This work was taken up, extended, strengthened, and tempered by the revolutionary raznochintsi—from Chernyshevsky to the heroes of Narodnaya Volya.[13] The range of fighters widened, their contact with the people became closer. “The young helmsmen of the gathering storm” is what Herzen called them. But it was not yet the storm itself.
The storm is the movement of the masses themselves. The proletariat, the only class that is thoroughly revolutionary, rose at the head of the masses and for the first time aroused millions of peasants to open revolutionary struggle. The first onslaught in this storm took place in 1905. The next is beginning to develop under our very eyes.
In commemorating Herzen, the proletariat is learning from his example to appreciate the great importance of revolutionary theory. It is learning that selfless devotion to the revolution and revolutionary propaganda among the people are not wasted even if long decades divide the sowing from the harvest. It is learning to ascertain the role of the various classes in the Russian and in the international revolution.
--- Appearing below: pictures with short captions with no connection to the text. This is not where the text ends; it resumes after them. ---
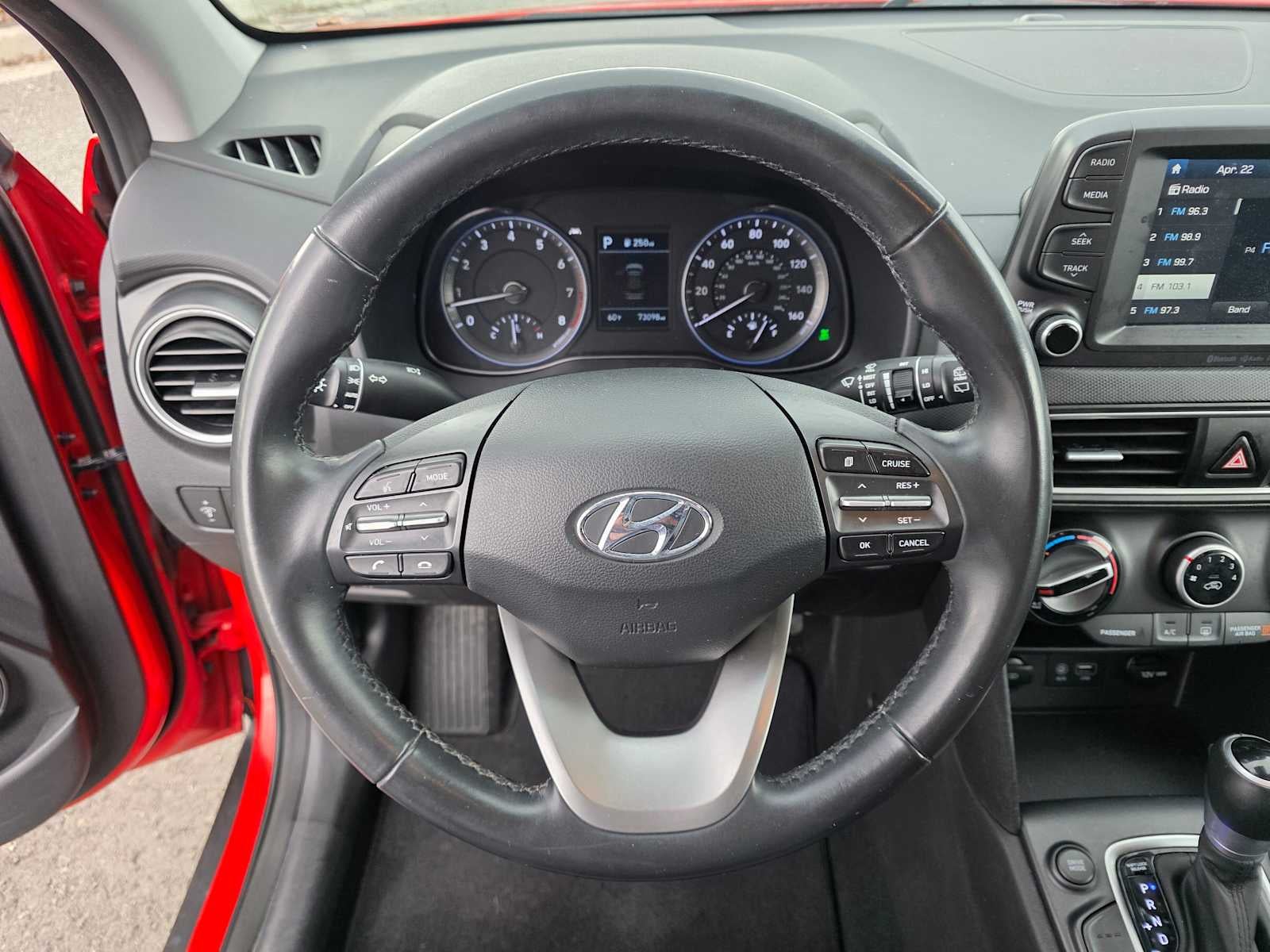 2020 Hyundai KONA SEL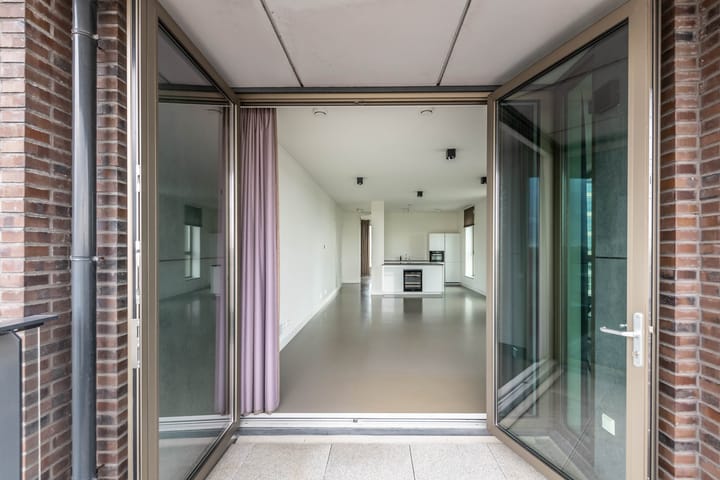 Photo 8 of Gustav Mahlerlaan 953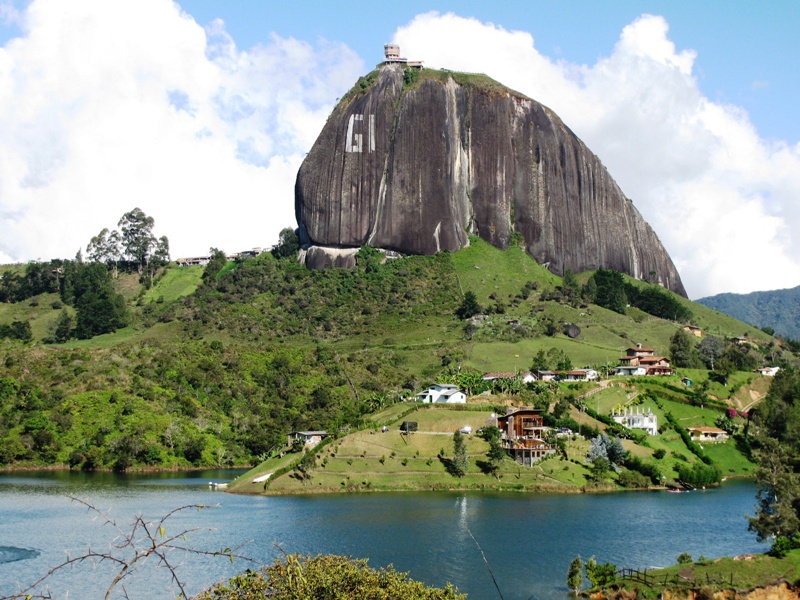 Piedra el Peñol - Tourism in Antioquia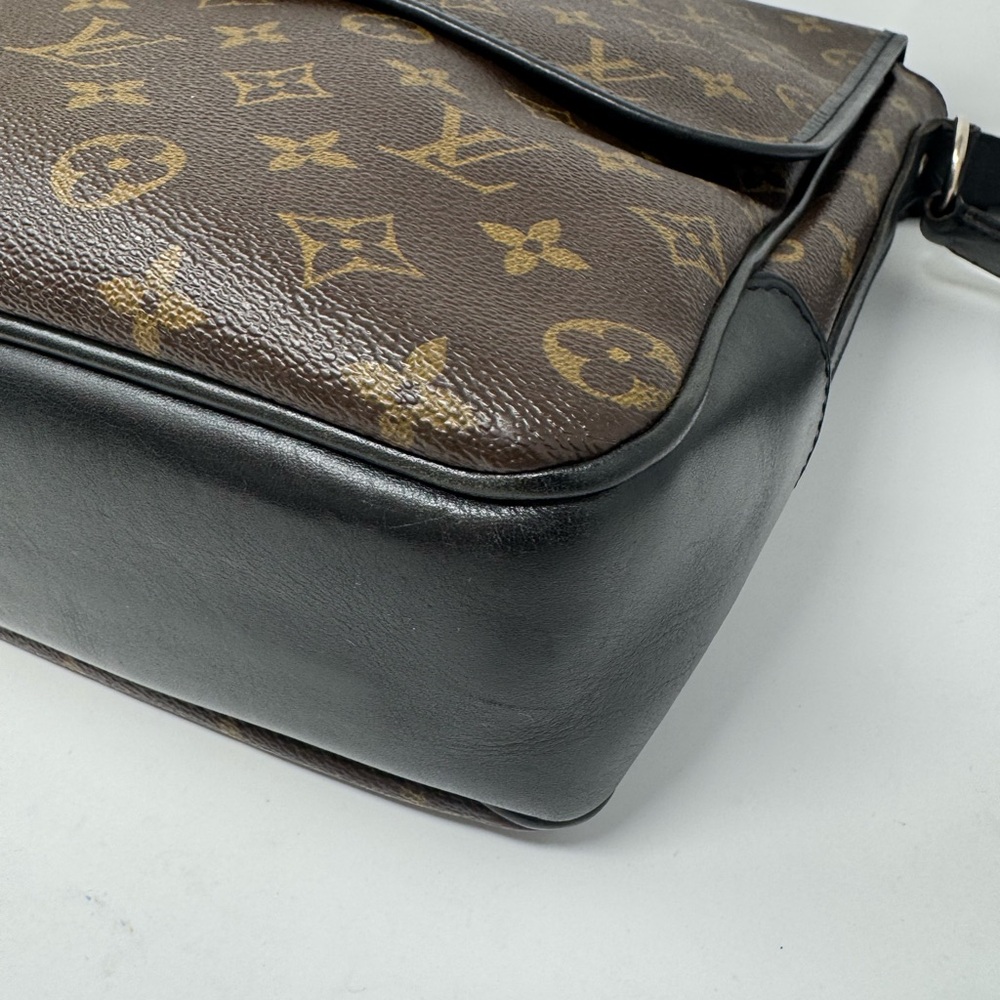 💯Authentic LOUIS VUITTON Monogram Macassar Bass GM Messenger Bag - Picture 9 of 11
Enriched by these lessons, the proletariat will fight its way to a free alliance with the socialist workers of all lands, having crushed that loathsome monster, the tsarist monarchy, against which Herzen was the first to raise the great banner of struggle by addressing his free Russian word to the masses.
[1] Biron, E. I. (1690–1772)—all-powerful favourite of the Empress Anna Ivanovna. He came from the petty nobility of Courland and was not a Russian subject. But while holding no official position, he exerted great influence on the domestic and partly the foreign policy of Russia. He established a terroristic regime and followed a policy of Germanising the state apparatus. He took advantage of his position to rob the Treasury, take bribes and engage in speculative deals. After the death of the Empress he became Regent for a while. He was overthrown in November 1740 as the result of a coup d’état.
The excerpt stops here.